◆ Task item: Take the lines in the listing below from the line with "One of the goals" up to and including the line with "That user is" and set them down exactly, skipping pictures and adding nothing.

◆ Provided data:
^^^^^^^^^^^^^^^^
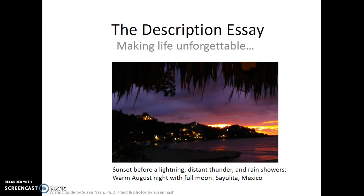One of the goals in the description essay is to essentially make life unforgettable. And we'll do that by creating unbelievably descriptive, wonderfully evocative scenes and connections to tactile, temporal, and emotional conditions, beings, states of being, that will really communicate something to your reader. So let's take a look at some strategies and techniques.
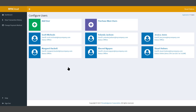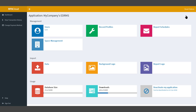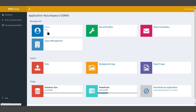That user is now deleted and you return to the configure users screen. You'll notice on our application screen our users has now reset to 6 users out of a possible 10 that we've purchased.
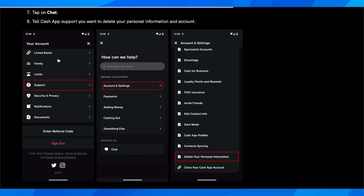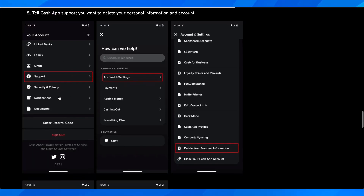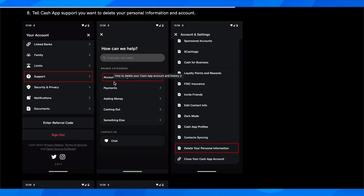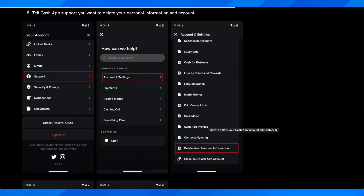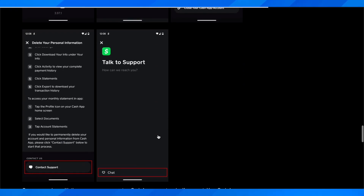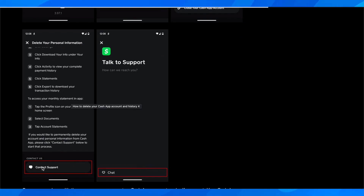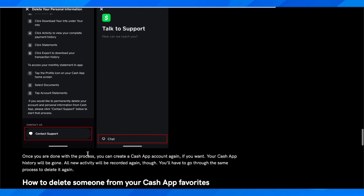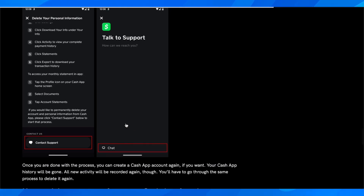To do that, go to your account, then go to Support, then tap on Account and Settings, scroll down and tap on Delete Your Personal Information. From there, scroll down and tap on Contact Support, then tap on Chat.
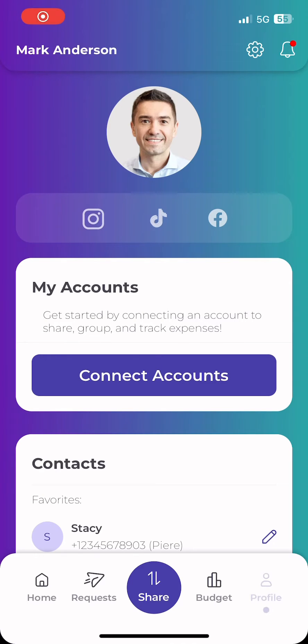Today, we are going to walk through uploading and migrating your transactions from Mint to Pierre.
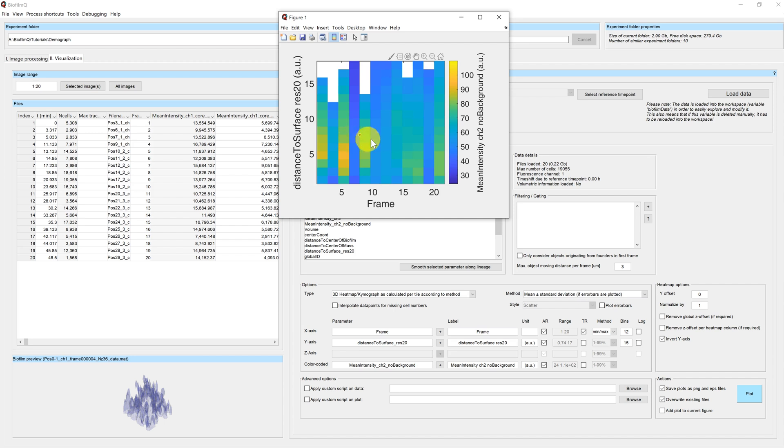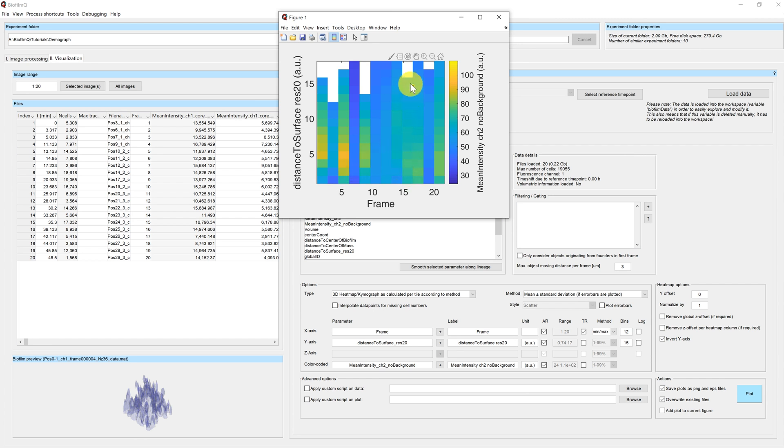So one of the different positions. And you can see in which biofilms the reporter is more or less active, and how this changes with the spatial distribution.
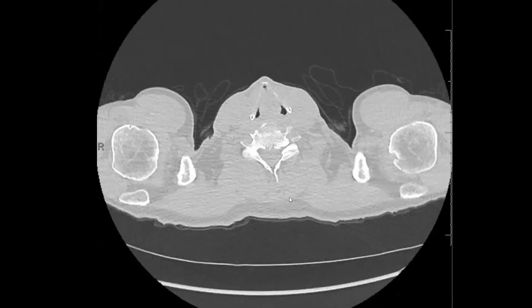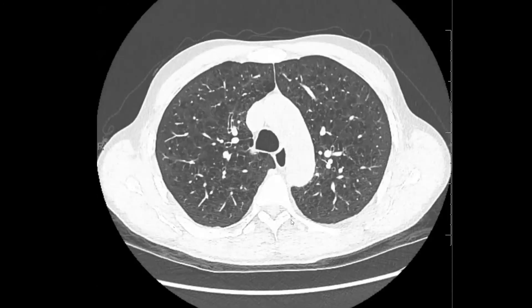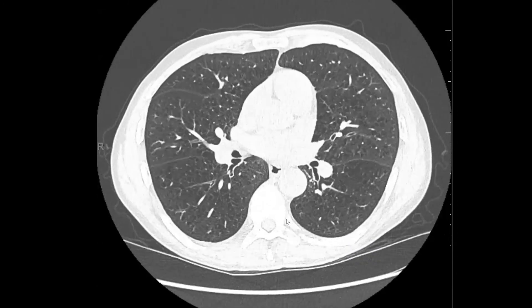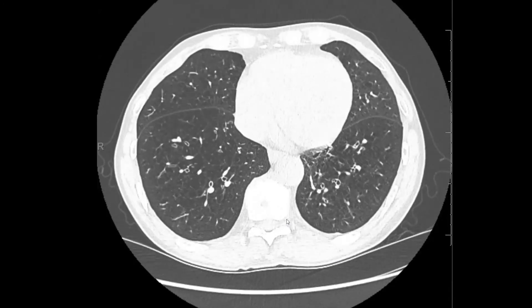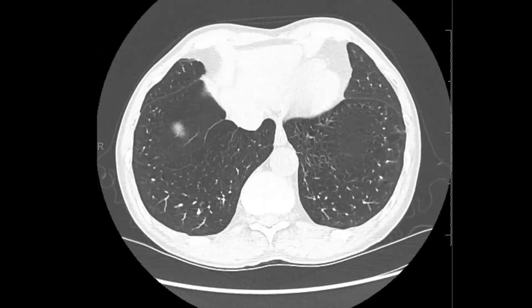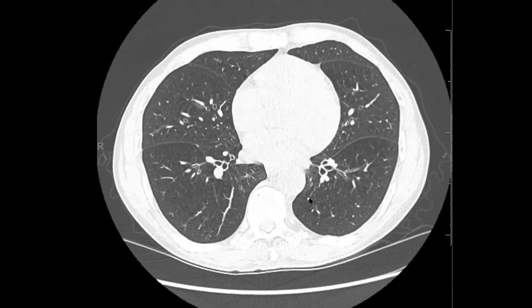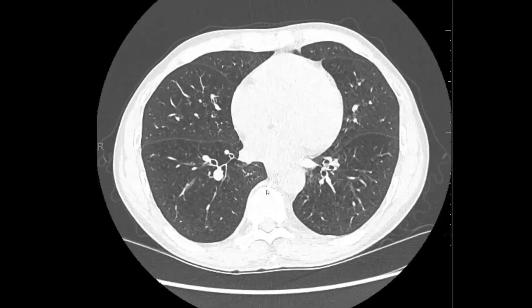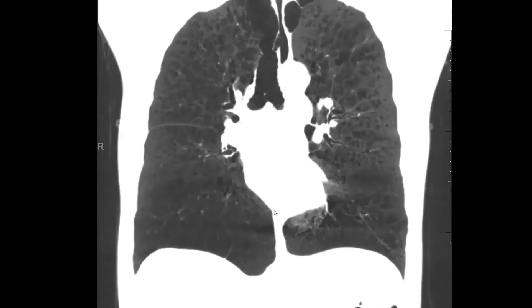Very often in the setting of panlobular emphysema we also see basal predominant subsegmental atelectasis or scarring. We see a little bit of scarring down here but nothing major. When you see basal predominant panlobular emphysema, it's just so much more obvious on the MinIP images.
^^^^^^^^^^^^^^^^
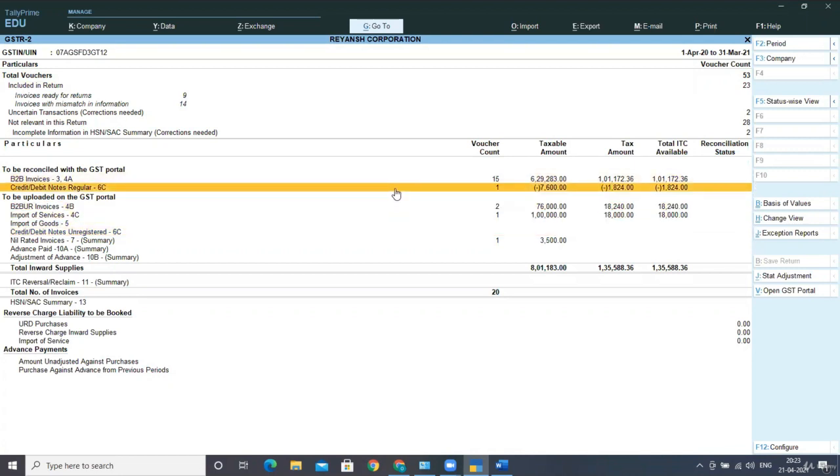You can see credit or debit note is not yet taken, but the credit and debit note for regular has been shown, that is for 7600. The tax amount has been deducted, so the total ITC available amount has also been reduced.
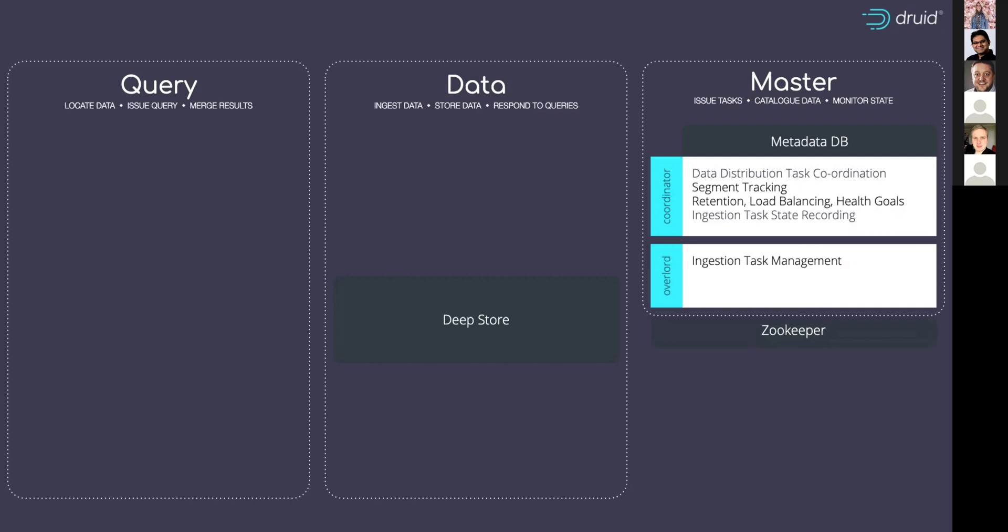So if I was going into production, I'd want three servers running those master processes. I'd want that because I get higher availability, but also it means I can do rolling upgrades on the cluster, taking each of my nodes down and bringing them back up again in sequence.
^^^^^^^^^^^^^^^^
◆ Reply:
One of the goals in the description essay is to essentially make life unforgettable. And we'll do that by creating unbelievably descriptive, wonderfully evocative scenes and connections to tactile, temporal, and emotional conditions, beings, states of being, that will really communicate something to your reader. So let's take a look at some strategies and techniques.
That user is now deleted and you return to the configure users screen. You'll notice on our application screen our users has now reset to 6 users out of a possible 10 that we've purchased.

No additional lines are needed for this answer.